▸ **Work order**
Every line of the listing is returned unchanged, and every picture is dropped.

▸ **Supplied information**
------------------------------------
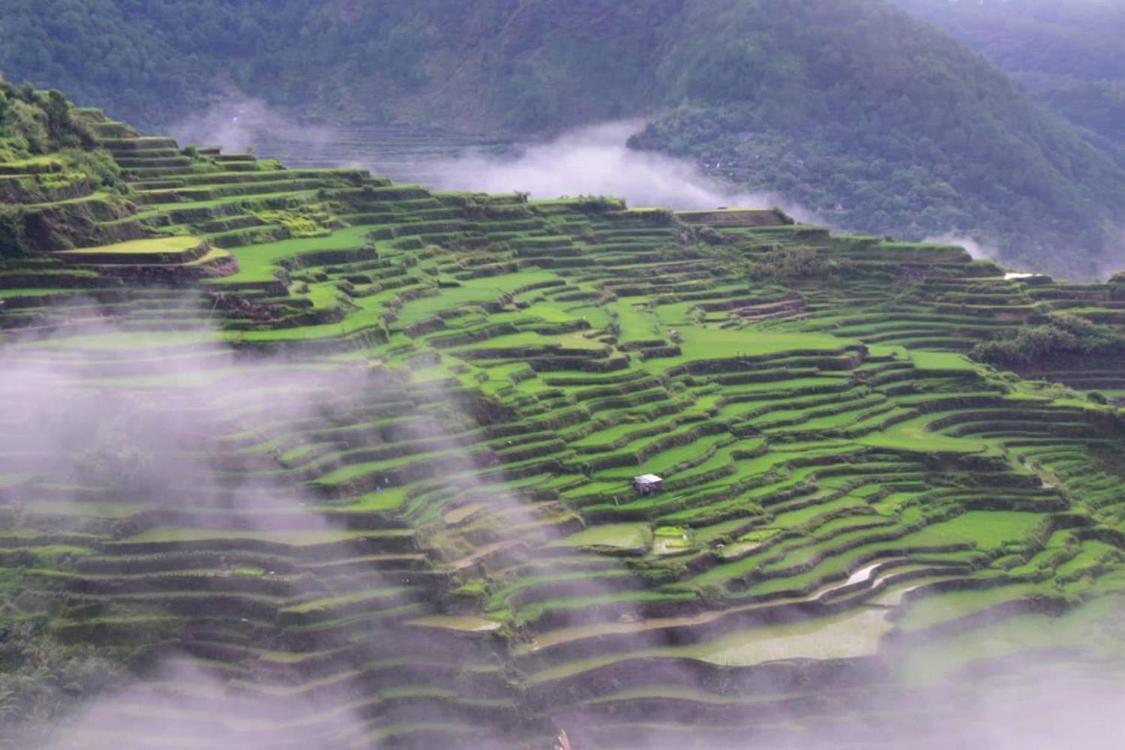 Vilma'S Homestay Bontoc  Kültér fotó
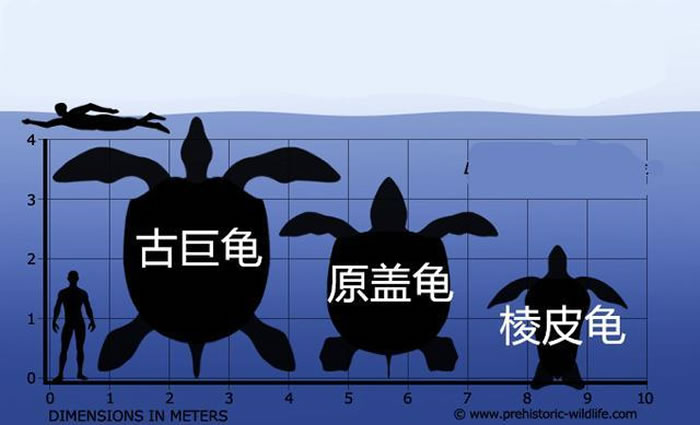 ����ʷ�����������ڹ꣺�ž޹��ԭ�ǹ꣬�Լ��ִ����������Ƥ�ꡣǰ�����ڹ궼�����ڰ��Ѽ͡�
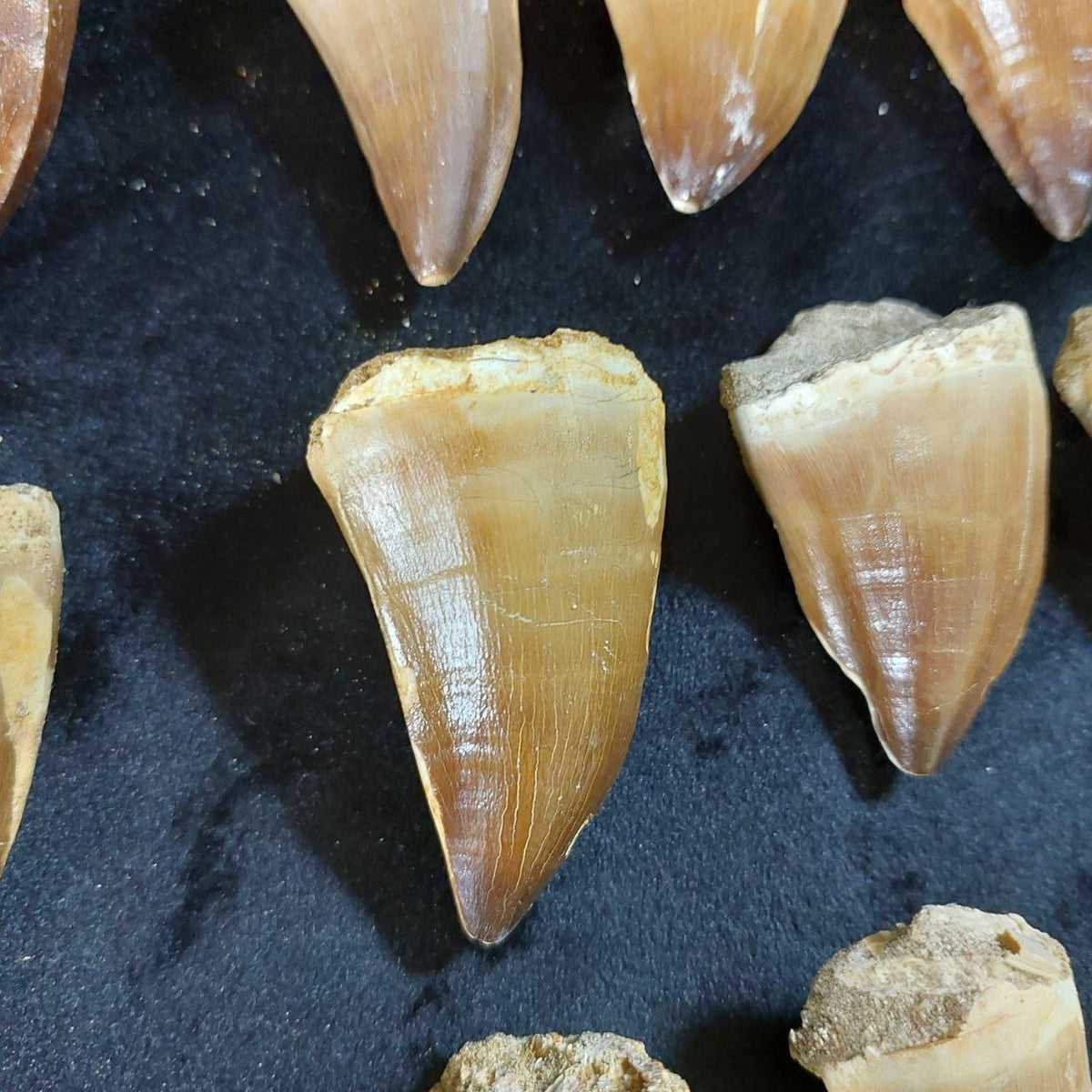 Bulk Mosasaur Fossil Teeth, 2.4 in – AD-12590 - PaleoDeserts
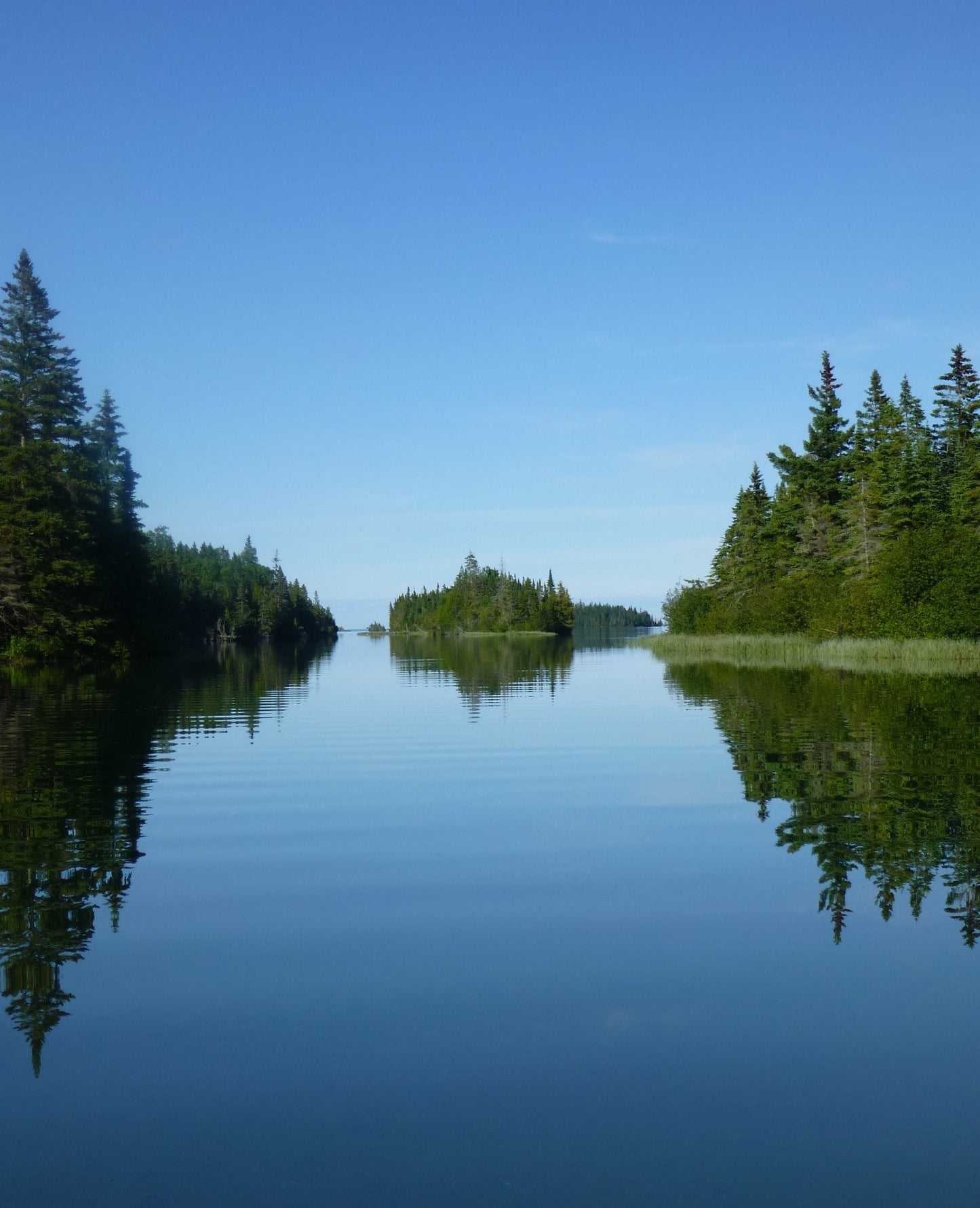 Membership (Supporting Level)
------------------------------------
▸ **Reply to the exercise**
 Vilma'S Homestay Bontoc  Kültér fotó
 ����ʷ�����������ڹ꣺�ž޹��ԭ�ǹ꣬�Լ��ִ����������Ƥ�ꡣǰ�����ڹ궼�����ڰ��Ѽ͡�
 Bulk Mosasaur Fossil Teeth, 2.4 in – AD-12590 - PaleoDeserts
 Membership (Supporting Level)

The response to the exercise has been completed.